Here we see the fundamental distinction between the horizontal and vertical worlds. Like all animals, man is in the horizontal world. Unlike other animals, he also spans the vertical world. Thus, as Berdyaev explains, "for this reason he is not included completely in this world of necessity: he transcends himself" and reveals "a freedom which does not derive from this world."
Now, only God can create a being. Man can surely create, but the one thing he cannot create is another being. And when he attempts to do so, he creates a mess. Nevertheless, the left never stops trying. The left can create perfect slaves, subjects, automatons, clones, parasites, intrusive busybodies, human ATMs, LoFo lemmings, and skin-encapsulated grievance mongers, but it can never create the New Man and New World of its fantasies.
In conclusion, God must be understood, not as a diminution of man's freedom and activity, but rather as the condition which makes these possible.... Faith in God is the charter of man's liberty. Without God, man is subject to the lower world.
6 comments:
Another person who echoes some of this is Boehme. I haven't read any of his stuff for a while, but I have a copy of The Threefold Life. I may have to dig into this winter.
I'll be out tomorrow, so I hope everyone enjoys a very Happy Thanksgiving.
I love that Distant Mirror book.
Lots of fun.
The Anchoress had a post up on Sunday featuring a quote by our friend J. Ratz that meshes quite nicely with this series, so I'm just going to yoink it:
"It is obvious that God did not intend Israel to have a kingdom. The kingdom was, in fact, a result of Israel’s rebellion against God and against his prophets, a defection from the original will of God. The law was to be Israel’s king, and through the law, God himself . . . But Israel was jealous of the neighboring peoples with their powerful kings . . . Surprisingly, God yielded to Israel’s obstinacy and so devised a new kind of kingship for them. The son of David, the king, is Jesus: in him God entered humanity and espoused it to himself . . . God does not have a fixed plan that he must carry out; on the contrary, he has many different ways of finding man and even of turning his wrong ways into right ways. We can see that, for instance, in the case of Adam . . . and we see it again in all the twisted ways of history. This, then, is God’s kingship—a love that is impregnable and an inventiveness that finds man by ways that are always new . . . God’s kingship means that we have an unshakable confidence.
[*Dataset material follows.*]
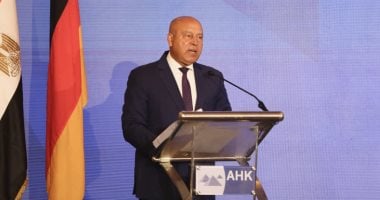 وزير النقل: تحويل مصر إلى مركز إقليمى للوجيستيات وتجارة الترانزيت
No one has reason to fear or to capitulate. God can always be found."
The Emeritus, these are strange times. The new guy may be all right, too.
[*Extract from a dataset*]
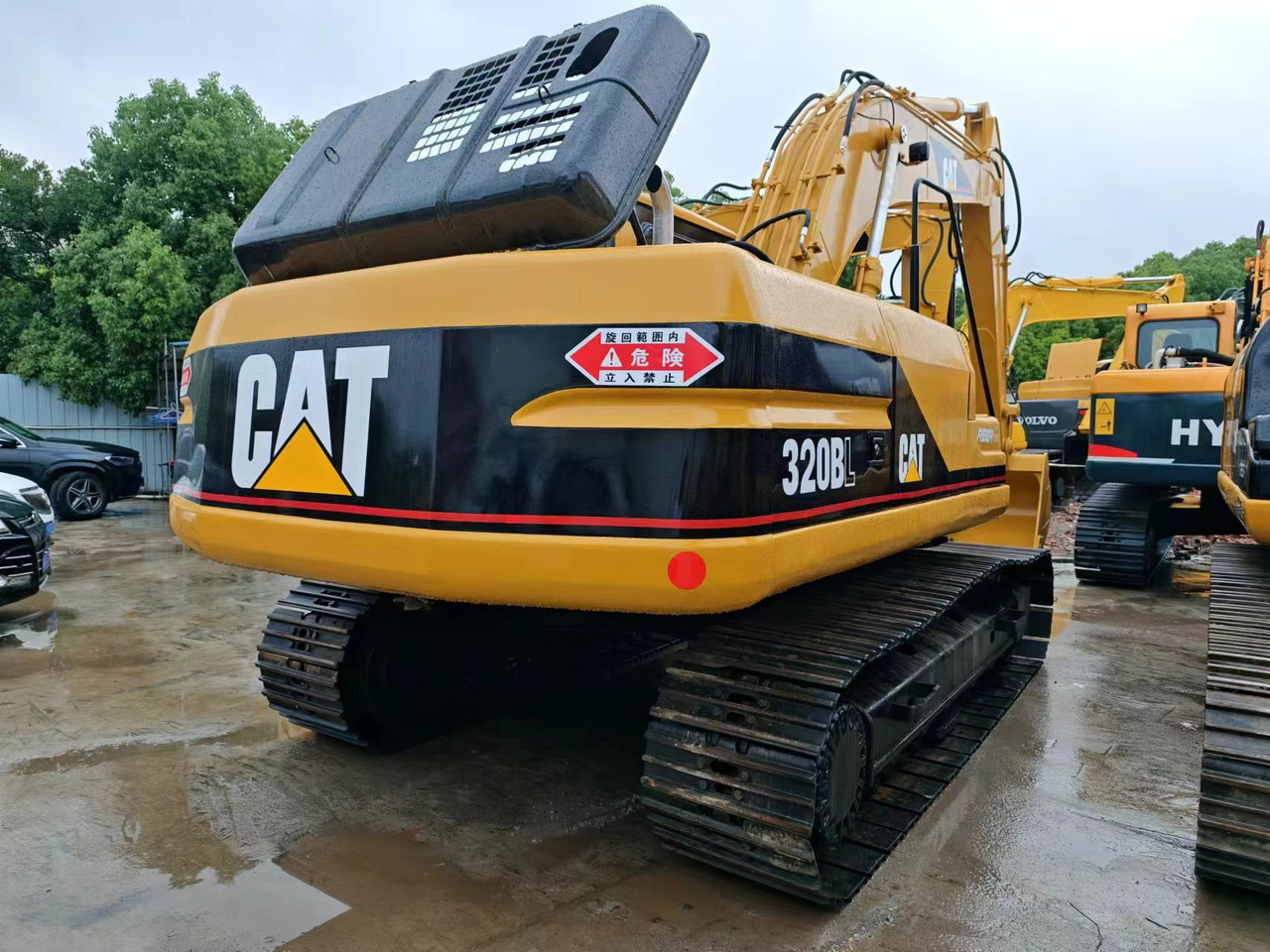 CATERPILLAR 320BL - Excavadora de cadenas: foto 2 CATERPILLAR 320BL - Excavadora de cadenas: foto 2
The son of David, the king, is Jesus: in him God entered humanity and espoused it to himself.
Jesus is the Israel of God. It may be challenging, but we will get there.
JP -- it is fun. But inconceivably brutal, too. I don't see how someone could be aware of the reality and idealize the Middle Ages as somehow "normative," as do Traditionalists.
God is libertarian in nature. Gives his creations a lot of free rein, including the freedom to deny him.
Also evil is part of the plan . Without the possibilty to do evil there is no free will or challenge. Something softy utopianist brave new world control freaks of the left will never understand.